Twitter でダラダラダラダラと書いてしまいそうなので、ブログで書きます。だから、これから書くことはダラダラしています。単に、わたしの感想を書くだけです。なんで書くかと言えば、それは書きたいからですw (※これを書いているのは、第4話終了の時点です。そこんとこ、よろぴこ。)




【エンディングのアニメーション】







で、エンディングのアニメーション。これ、けっこう意味があるんじゃないかなーと思ってます。わたしの考えは以下の通り。


(ドラゴンの手前) → 矢東薫子のマンガ家人生

(ドラゴンの炎で灰になる) → 矢東薫子の挫折

(灰から蘇ったあと) → 越前さんとはらちゃんの恋


パートリーダーの矢口さんが矢東薫子の正体であることはほぼ確定なわけですが(エンドロールでも一番最後に来ている)、彼女は第3話で「わたしはもう人生という戦いから降りた」と言ってます。つまり、はらちゃんはそんな矢東薫子と越前さんのふたりを繋ぐキャラクターでもある、と。さて、それを踏まえたうえで。







































涙が落ちてはらちゃんが出てくる。この涙を流しているのは越前さんにも見えるし、同時に、矢東薫子でもあるのかもしれない。ま、どっちでもあるのかなー、と。








































ギターの弦が切れる。ここの意味はまだよくわからないのですが、はらちゃんのギターは第1回で3本だったんですよね。また、矢東薫子の原作のほうから弦が3本だったのか、それとも、越前さんがそう描いたのか、これまたわからない。ただ、このアニメーションにおいては、はらちゃんはドラゴンの炎までの前半部分ではギターは弾いてません。

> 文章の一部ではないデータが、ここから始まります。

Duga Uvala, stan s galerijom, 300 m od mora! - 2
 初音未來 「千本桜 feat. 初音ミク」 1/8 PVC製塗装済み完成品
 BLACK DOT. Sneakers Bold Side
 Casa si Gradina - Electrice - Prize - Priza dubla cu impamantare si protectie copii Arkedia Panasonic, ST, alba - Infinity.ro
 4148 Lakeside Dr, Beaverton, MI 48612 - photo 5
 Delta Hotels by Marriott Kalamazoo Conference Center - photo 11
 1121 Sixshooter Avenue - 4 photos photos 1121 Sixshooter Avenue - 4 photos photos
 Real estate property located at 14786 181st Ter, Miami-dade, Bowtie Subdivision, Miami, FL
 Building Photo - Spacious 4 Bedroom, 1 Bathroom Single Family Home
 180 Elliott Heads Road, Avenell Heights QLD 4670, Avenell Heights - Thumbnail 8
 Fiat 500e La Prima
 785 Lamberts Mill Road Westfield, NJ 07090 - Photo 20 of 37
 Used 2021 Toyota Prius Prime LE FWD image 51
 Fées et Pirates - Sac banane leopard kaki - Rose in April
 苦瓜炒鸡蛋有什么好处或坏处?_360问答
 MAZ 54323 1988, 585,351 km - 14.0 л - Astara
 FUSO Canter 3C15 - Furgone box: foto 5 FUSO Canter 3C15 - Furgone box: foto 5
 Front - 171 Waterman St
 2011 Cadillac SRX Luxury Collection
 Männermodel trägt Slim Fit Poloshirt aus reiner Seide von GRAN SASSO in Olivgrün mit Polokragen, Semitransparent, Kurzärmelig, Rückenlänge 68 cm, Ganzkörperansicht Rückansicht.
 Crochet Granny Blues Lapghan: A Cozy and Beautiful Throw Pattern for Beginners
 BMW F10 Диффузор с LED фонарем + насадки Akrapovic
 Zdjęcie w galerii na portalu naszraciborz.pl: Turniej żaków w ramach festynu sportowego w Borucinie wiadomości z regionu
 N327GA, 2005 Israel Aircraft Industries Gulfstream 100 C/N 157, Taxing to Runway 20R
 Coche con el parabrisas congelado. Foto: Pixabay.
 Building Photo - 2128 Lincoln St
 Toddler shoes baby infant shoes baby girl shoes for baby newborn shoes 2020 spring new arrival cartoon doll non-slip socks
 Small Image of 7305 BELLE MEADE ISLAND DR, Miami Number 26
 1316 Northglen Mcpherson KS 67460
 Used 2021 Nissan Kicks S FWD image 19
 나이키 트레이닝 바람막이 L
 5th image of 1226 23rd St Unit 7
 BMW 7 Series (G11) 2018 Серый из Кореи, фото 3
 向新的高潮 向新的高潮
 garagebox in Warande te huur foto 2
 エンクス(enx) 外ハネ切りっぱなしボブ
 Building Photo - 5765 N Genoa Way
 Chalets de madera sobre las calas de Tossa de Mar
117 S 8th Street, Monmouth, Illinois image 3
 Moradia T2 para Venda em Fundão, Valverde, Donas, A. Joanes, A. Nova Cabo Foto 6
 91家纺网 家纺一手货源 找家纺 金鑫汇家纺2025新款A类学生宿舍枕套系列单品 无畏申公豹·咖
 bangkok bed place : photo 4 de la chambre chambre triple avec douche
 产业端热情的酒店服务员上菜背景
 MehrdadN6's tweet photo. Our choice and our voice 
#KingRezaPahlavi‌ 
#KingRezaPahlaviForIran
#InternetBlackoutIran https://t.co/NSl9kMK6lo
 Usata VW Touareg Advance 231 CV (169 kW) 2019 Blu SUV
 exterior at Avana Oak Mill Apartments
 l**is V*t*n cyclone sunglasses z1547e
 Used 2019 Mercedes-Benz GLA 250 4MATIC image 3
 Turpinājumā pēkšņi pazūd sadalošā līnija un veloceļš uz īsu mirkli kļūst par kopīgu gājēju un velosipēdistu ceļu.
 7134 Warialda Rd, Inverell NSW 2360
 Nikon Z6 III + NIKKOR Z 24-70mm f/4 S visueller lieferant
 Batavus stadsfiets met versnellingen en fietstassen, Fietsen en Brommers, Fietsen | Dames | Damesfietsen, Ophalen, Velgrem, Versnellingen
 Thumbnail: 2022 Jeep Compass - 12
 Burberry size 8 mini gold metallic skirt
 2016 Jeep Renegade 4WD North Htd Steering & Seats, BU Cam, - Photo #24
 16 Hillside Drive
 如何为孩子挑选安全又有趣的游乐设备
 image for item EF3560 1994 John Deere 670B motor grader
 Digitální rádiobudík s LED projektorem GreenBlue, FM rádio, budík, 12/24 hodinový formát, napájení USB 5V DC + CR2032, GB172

で、ここから矢東薫子のマンガ人生を描いているのではないか、と。
















これは原稿の山のモチーフ。
















エンピツ。
















サボテンに見えるけど、これは人じゃないのかなー。トゲは批判や逆境のメタファー。
















これは岩ですが、原稿用紙を丸めたものにも見えます。上から落ちてくるので編集者にボツにされた原稿なんかなー、と。





























でも、それにもめげず、がんばります。しかし・・・
















ドラゴン。怪物というのは不条理の象徴。何をどうしたところで打ち勝つことの出来ない敵。
















そりゃ、こんな表情になります。


















そして、ドラゴンの吐く炎に包まれて・・・

















灰となってしまいます。これが矢東薫子の挫折。(何があったのか、それはわかんないです)


















そして、灰から蘇るはらちゃん。炎に焼かれてその灰から蘇るのは、フェニックスなどと同じで、死と再生の典型的なメタファー。
















でも、新たに生まれたはらちゃんの右手には赤い糸がついています。




















赤い糸の先には越前さんがいる。(ここからがドラマ本編)


















はらちゃん、可愛いよ、はらちゃん。


















最初のところで弦が切れたギターへ赤い糸を結びつけ、そこで初めてはらちゃんが歌う。



















悲しげな表情だった越前さんに微笑みが。この微笑みが矢東薫子にとっても何らかの喜びになるのではないか、と想像してますが、それは後述。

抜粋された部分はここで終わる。